- Exercise goal
Would you restate, word for word, only the lines starting at the one with "中古・古着通販】BALENCIAGA (バレンシアガ) ウールシルクストール" and ending with the final line of the entries below? Pictures stay out.

- Input data

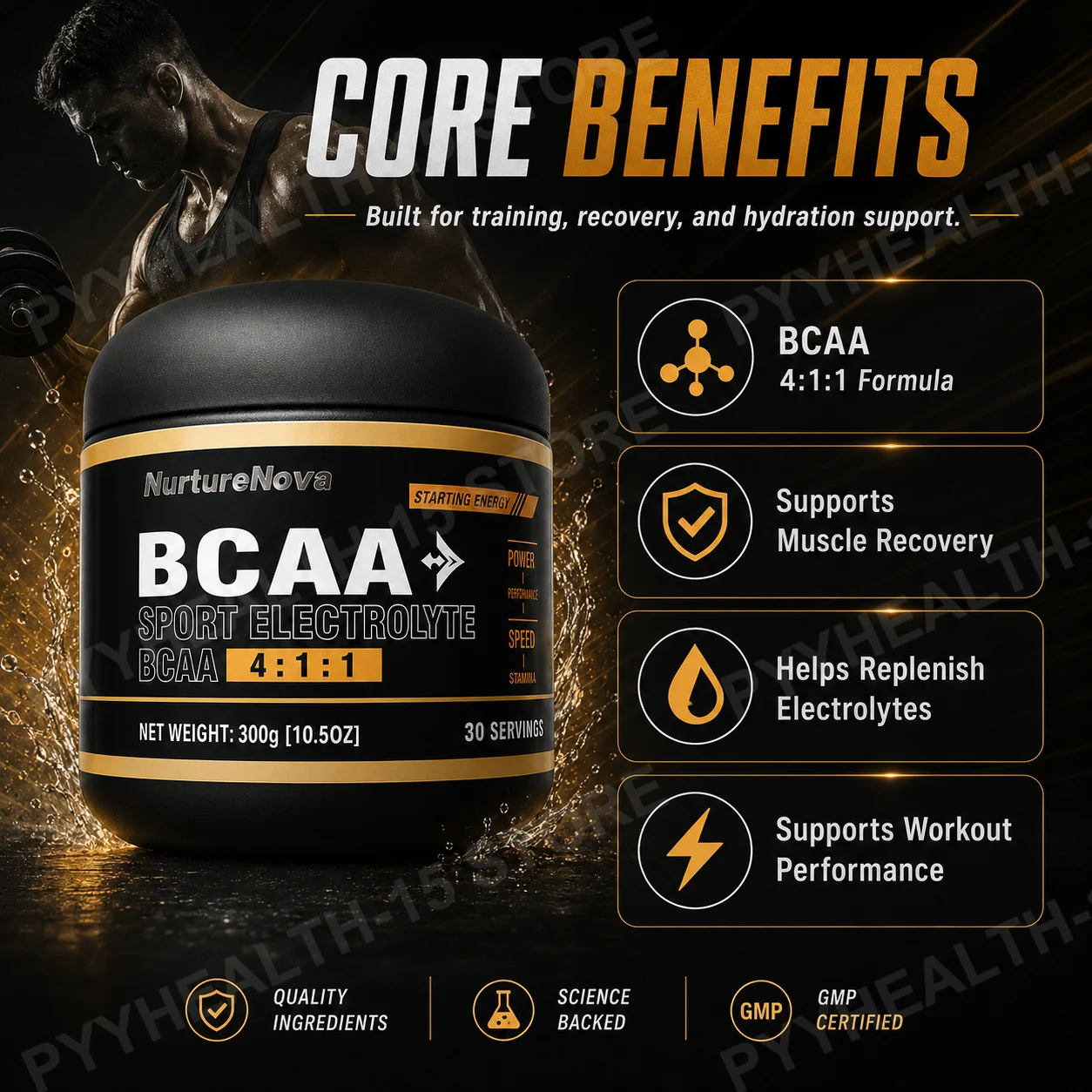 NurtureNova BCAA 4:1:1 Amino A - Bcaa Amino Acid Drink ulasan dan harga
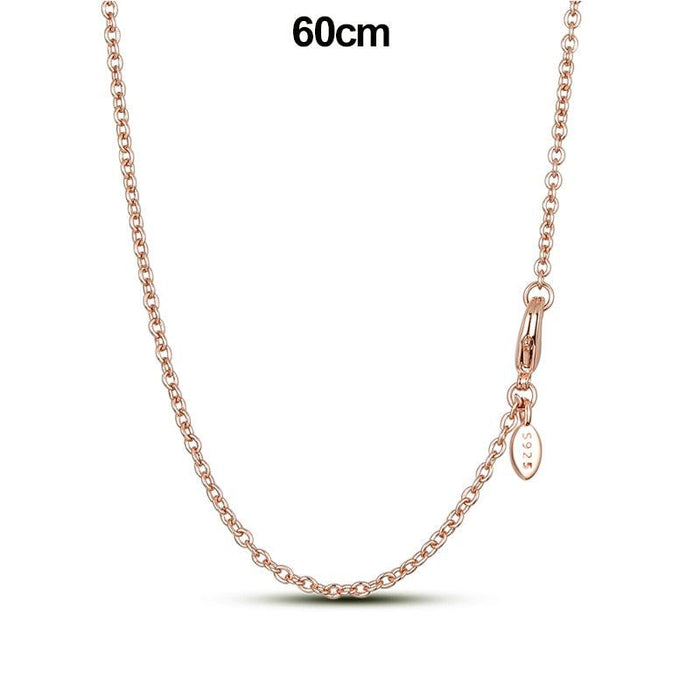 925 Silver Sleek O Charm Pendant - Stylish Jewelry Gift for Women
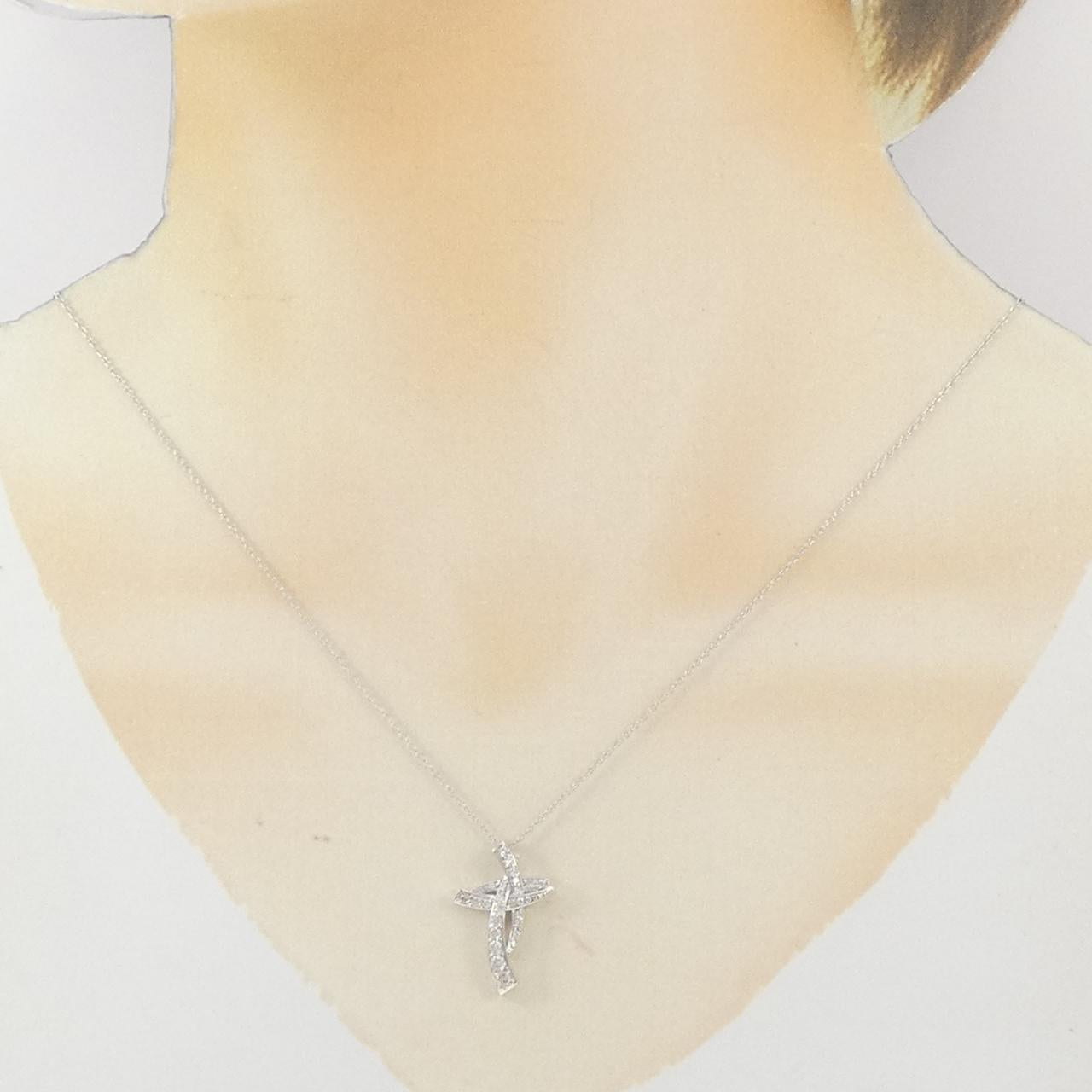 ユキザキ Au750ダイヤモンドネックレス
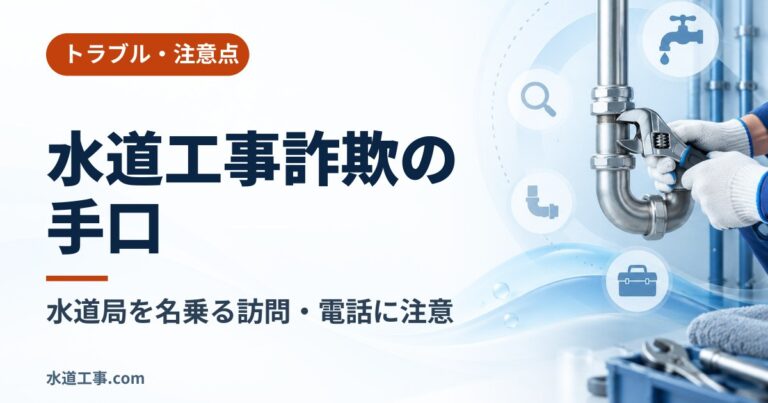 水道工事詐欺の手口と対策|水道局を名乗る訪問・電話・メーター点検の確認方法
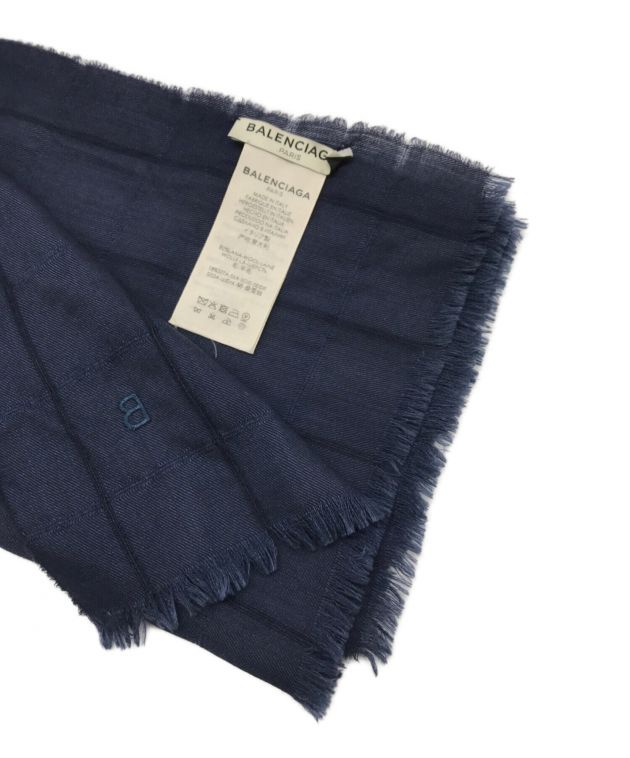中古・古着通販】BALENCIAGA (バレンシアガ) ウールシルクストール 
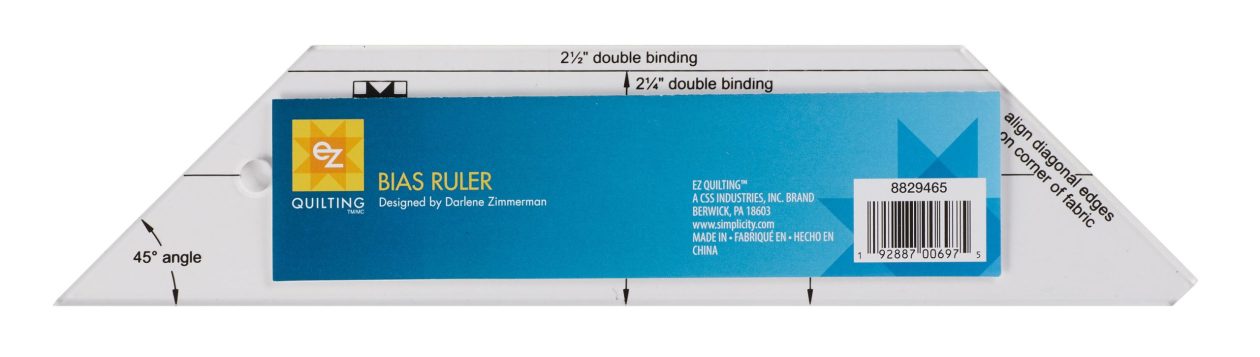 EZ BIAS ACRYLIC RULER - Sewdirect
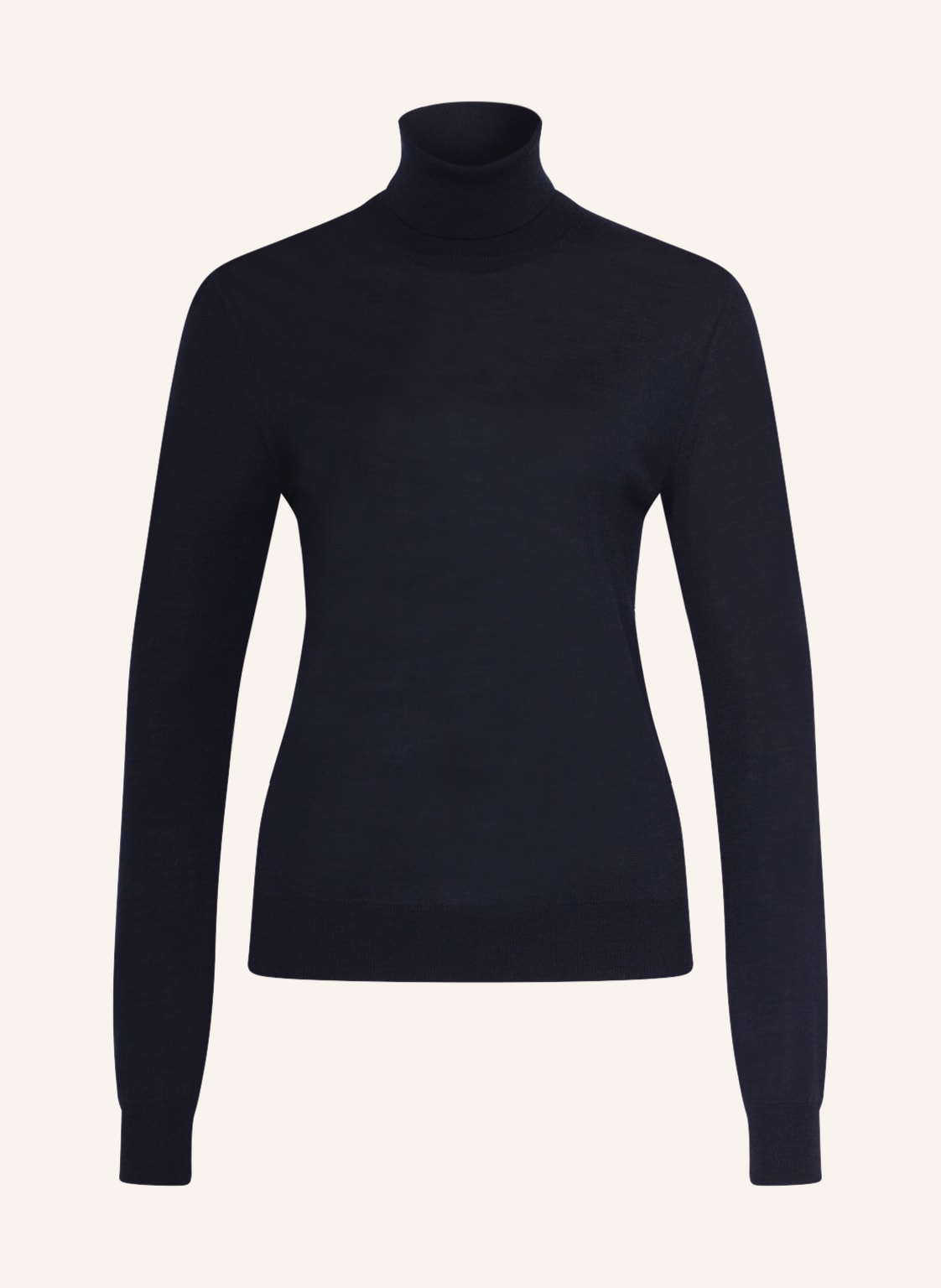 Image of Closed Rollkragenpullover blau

- Answer section
中古・古着通販】BALENCIAGA (バレンシアガ) ウールシルクストール 
 EZ BIAS ACRYLIC RULER - Sewdirect
 Image of Closed Rollkragenpullover blau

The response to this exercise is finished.